One of the greatest rewards of my work is seeing people in agriculture effectively tell their story. This week’s posting features some excellent examples of ways agriculturists can make a difference – and need to.
Somewhere in Iowa, a fifth-generation hog farmer is getting up just after dawn. He’s pulling on his jeans that are bare in the knees and short at the ankles and a weathered university sweatshirt that dates back to his days as an ag student in college. After a quick swig of coffee and an earful of the early weather reports, he steps into his boots and heads out to his hog barns. His wife will wake in an hour to start the morning ritual of getting their three kids up and ready for school. Then she’ll take off for her job at an office an hour away from the farm.

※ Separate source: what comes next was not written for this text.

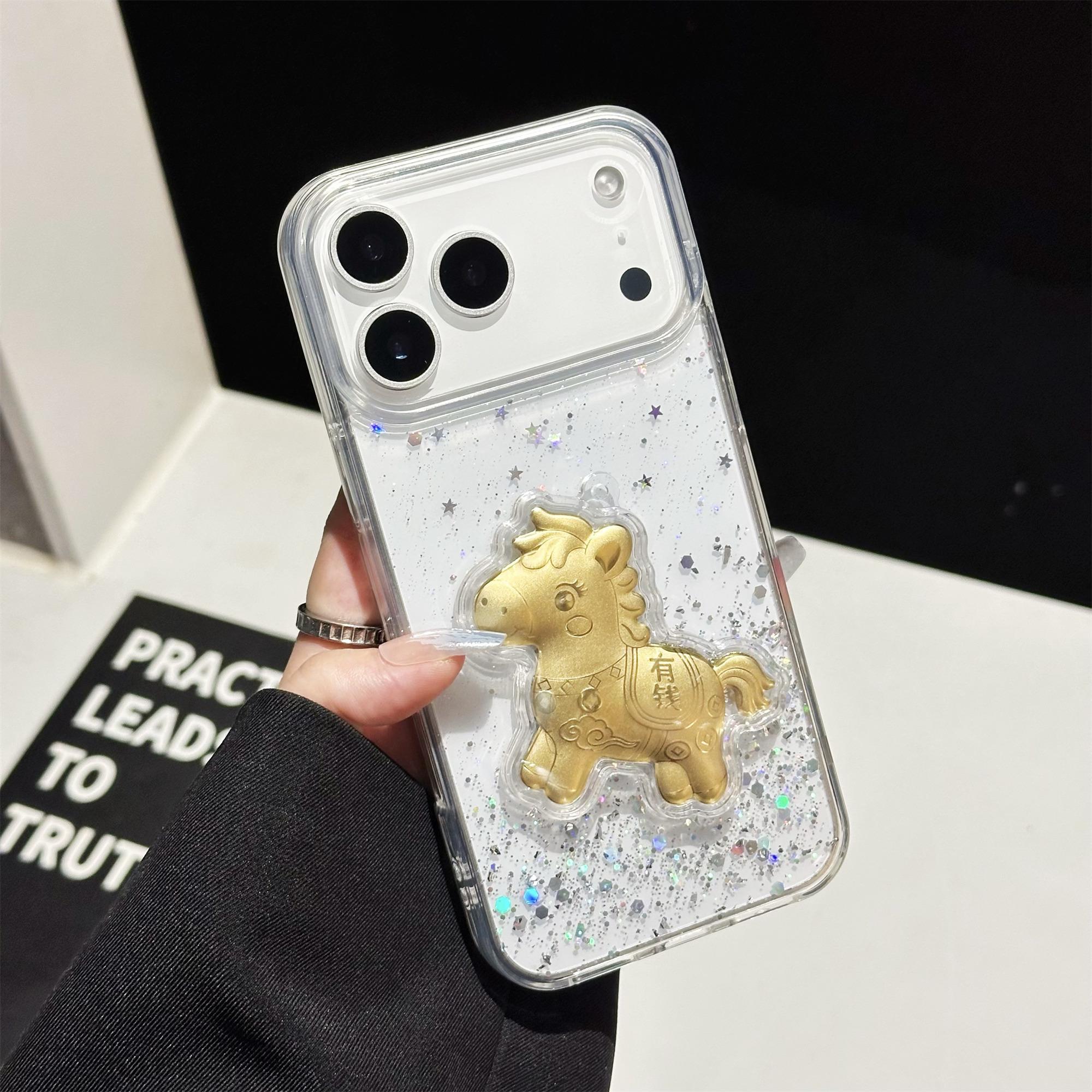 

For iPhone 17 Pro Case Sparkling Glitter PC Phone Cover with Golden Horse Ornament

He spends the next several hours walking the pens of his farrow-to-finish operation, making sure the sows and piglets are comfortable, measuring feed rations, contacting the vet with a question about a pig’s health status.
He’s feeding the animals the corn that grows on the land of his family’s century farm, meaning it’s been in existence for more than 100 years. Read the full posting at http://iowafarmbureau.wordpress.com/.

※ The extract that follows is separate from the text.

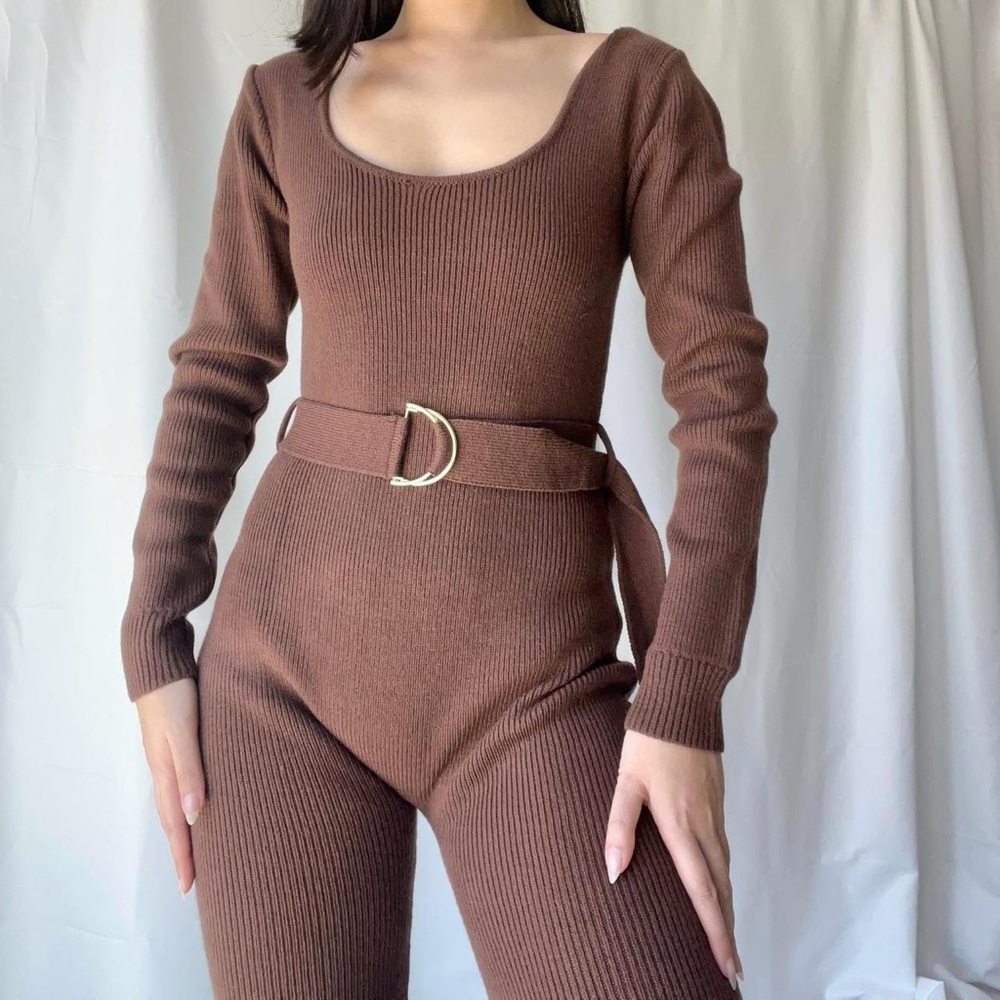 Fashionnova brown thick sweater knit jumpsuit - Picture 4 of 4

As a longtime family dairy farmer, I’m angered by TIME’s biased attack on agriculture in its article “Getting Real About the High Price of Cheap Food.” There’s no question that farming, like every industry, has changed – but the change is driven by a passion for our profession.
My father, brothers and I are committed to doing what’s right for our community, our animals and natural resources, while producing dairy products that are safe, affordable and healthy.

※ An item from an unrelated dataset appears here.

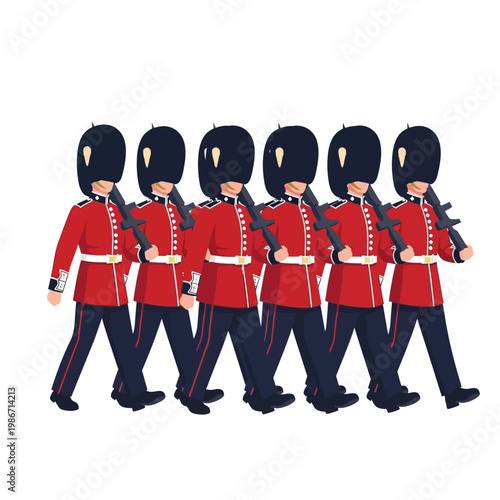 British soldiers marching in formation with bearskin hats and red uniforms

Today, my father, brother and I can operate our 500-cow dairy more efficiently to keep up with the growing world demand for our milk. Modern technology enhances individual animal care… Read complete published letter.
“It’s hard to take it sitting down,” says Jason Kvols, a 35-year old farmer from Laurel, Nebraska. “You know, we get automatically defensive of our industry, and I think what needs to be done is more opportunities for farmers and ranchers to get into situations where they have a voice-where they can speak out and say ‘this is what I do and this is why I do it’.”
Kvols, who serves on the Nebraska Farm Bureau board of directors, was recently part of a panel discussion following the showing of the Food Inc.movie in Lincoln. He says it was a good experience and an excellent opportunity to present the other side of the story. Kvols says social networking, such as Twitter and Facebook, is also a great tool. Listen to his radio interview on Brownfield.
Three great case studies about effectively giving a voice to the people who raise our food. If only these were proactive pieces instead of reactive.